The Morning Post was exhibited at the Society of Painters in Water Colour (Old Water-Colour Society) in 1877, no. 272. An etching of this subject was shown in in the Dudley Gallery's Black-and White Exhibition in 1878, no. 587. This work is in watercolour, a medium that Macbeth used successfully but less frequently than his Idyllist colleagues Walker, Pinwell, and North. The scene depicted is of a woman in a black dress with a white apron, likely the mother but possibly a servant, outside the front door of a large house who reaches for a letter delivered by a postman mounted on a grey horse. In the doorway of the house a group of five children are eagerly awaiting the news the letter brings. The season is winter with snow on the ground and the postman is warmly dressed against the cold. Large barren trees dominate the right of the composition. Through the ground floor storey window of the house a fire can be seen blazing at the hearth.

The Morning Post [Greeting the Postman], detail The Morning Post [Greeting the Postman], detail

Closer views of the children at the door (left) and the young woman anxious for the letter (middle).

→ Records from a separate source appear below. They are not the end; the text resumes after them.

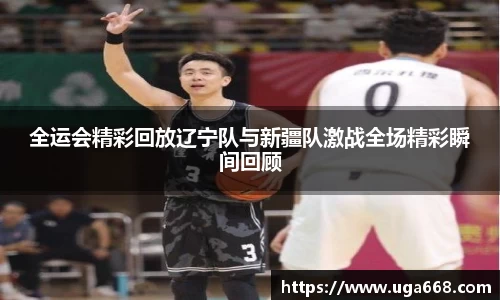 全运会精彩回放辽宁队与新疆队激战全场精彩瞬间回顾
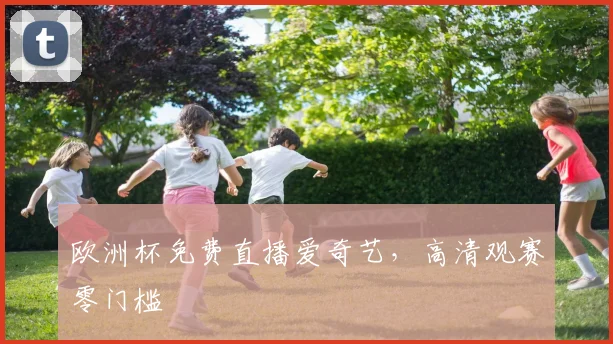 欧洲杯免费直播爱奇艺，高清观赛零门槛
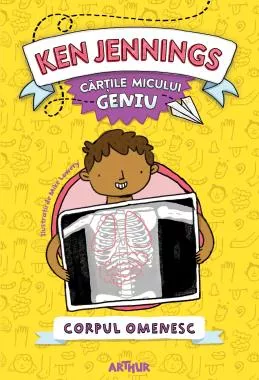 Cartile micului geniu. Corpul Omenesc  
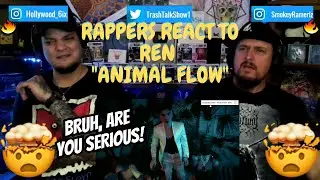 Rappers React To Ren Animal Flow!!!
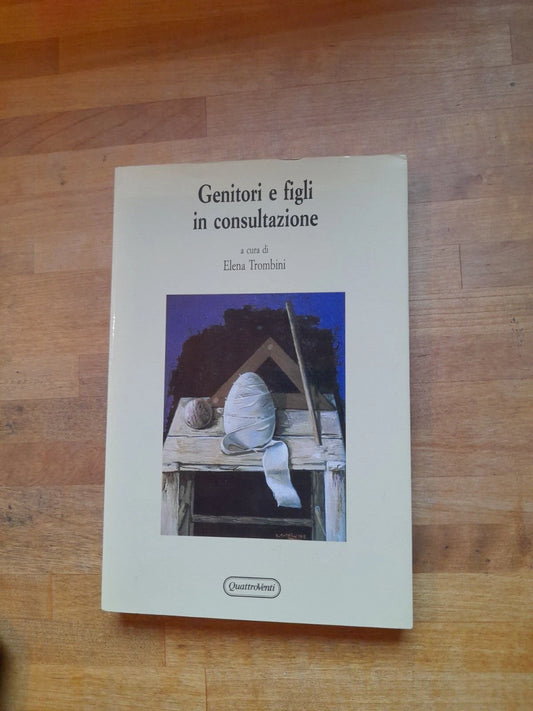 GENITORI E FIGLI IN CONSULTAZIONE. A CURA DI ELENA TROMBINI. QUATTROVENTI EDIZIONI. 1° EDIZIONE 1999. COLLANA: PSICOLOGIA APPLICATA E DELLA COMUNICAZIONE.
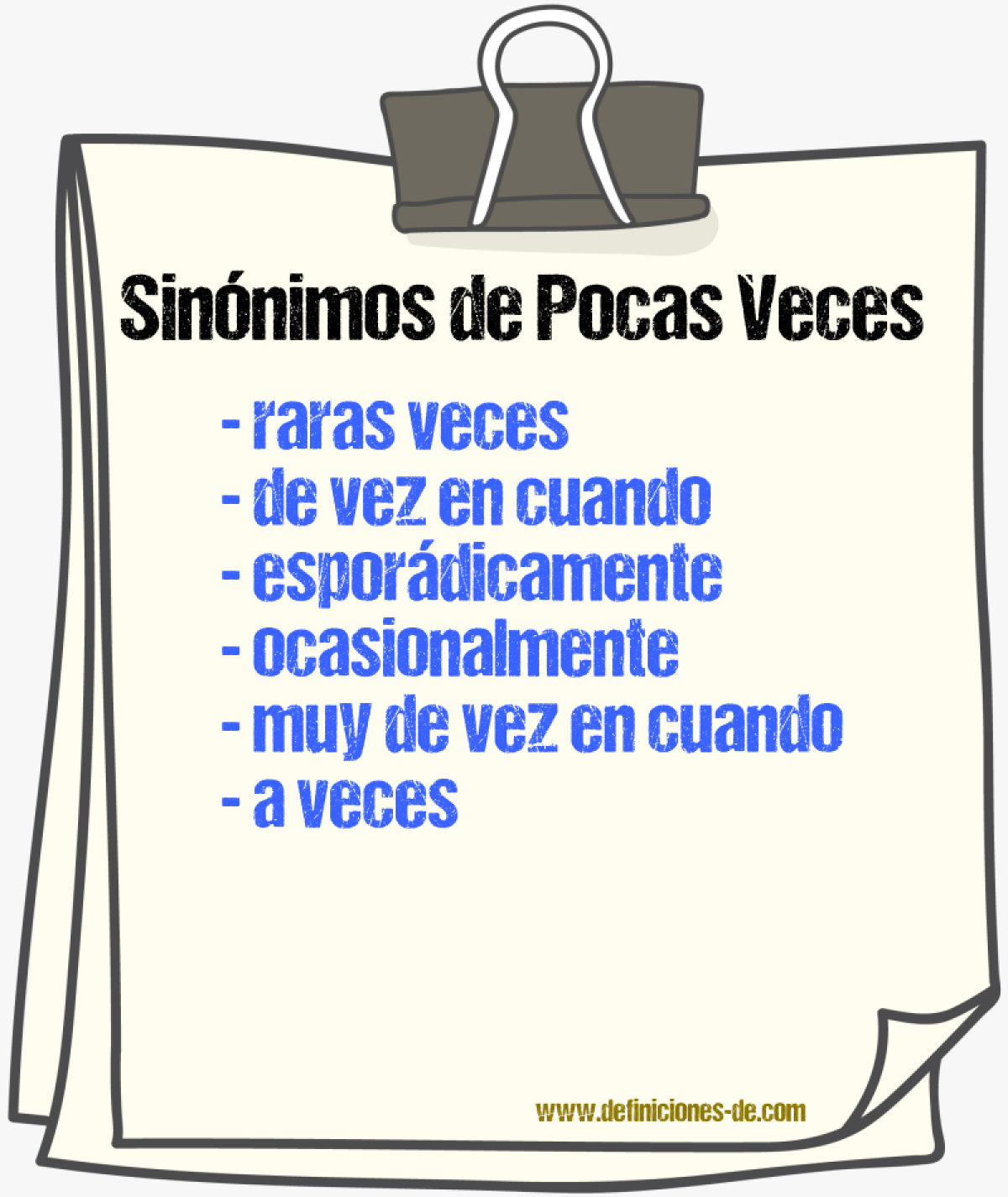 Sinónimos de pocas veces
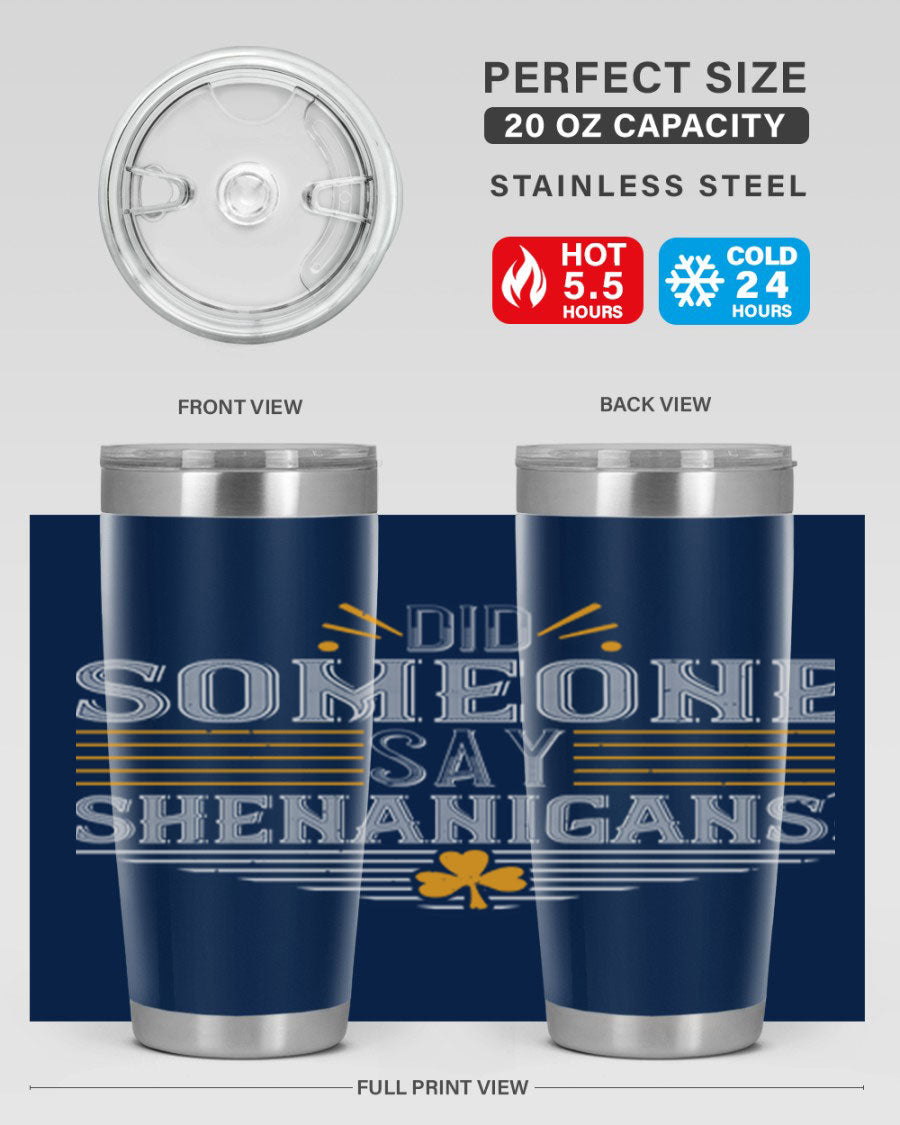 Did Someone Say Shenanigans tumbler featuring a vibrant St. Patrick's Day design, made from stainless steel with a drink-thru lid.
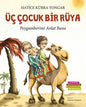 Üç Çocuk Bir Rüya: Peygamberimi Anlat Bana
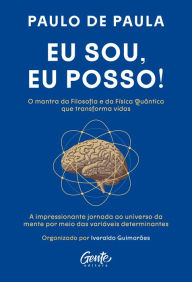 Title: Eu sou, eu posso!: A impressionante jornada ao universo da mente por meio das variáveis determinantes, Author: Paulo de Paula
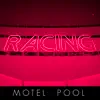 Racing - Motel Pool - Single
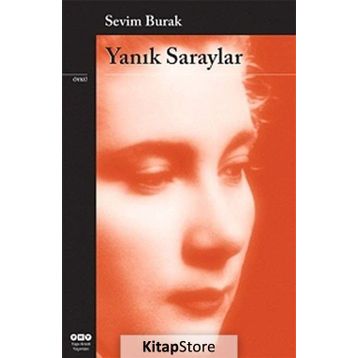 YANIK SARAYLAR - SEVIM BURAK (ISBN:9789750807398)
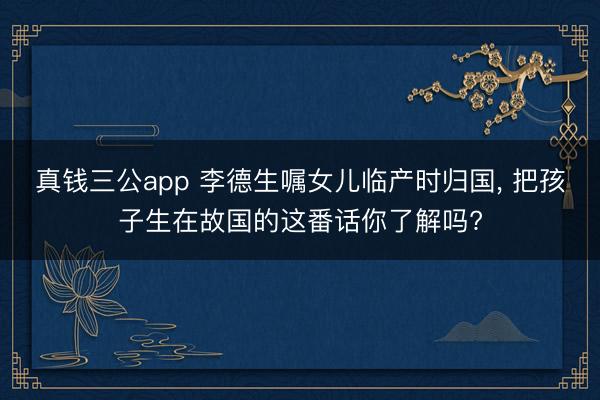 真钱三公app 李德生嘱女儿临产时归国， 把孩子生在故国的这番话你了解吗?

When the work was shown at the O.W.S. in 1877 a reviewer for The Architect complimented its colour: "R. W. Macbeth's Morning Post (272), an exquisite piece of colour, which we prefer to his more popular Ghost Story" (284). A wood engraving, similar to but simplified in its composition, and cut by William Harcourt Hooper, appeared as an illustration to "Miss Charlotte's Pride" in The Sunday Magazine, Christmas number, 1872, page 24. A working proof for this illustration is in the collection of the British Museum, registration no. 1912,1227.159. The illustration shows only the woman running to meet the mailman on horseback and omits the view of the children at the front door of the house.

Bibliography

"Exhibition of the Society of Painters in Water Colours, 1877." The Architect XVII (5 May 1877): 283-84.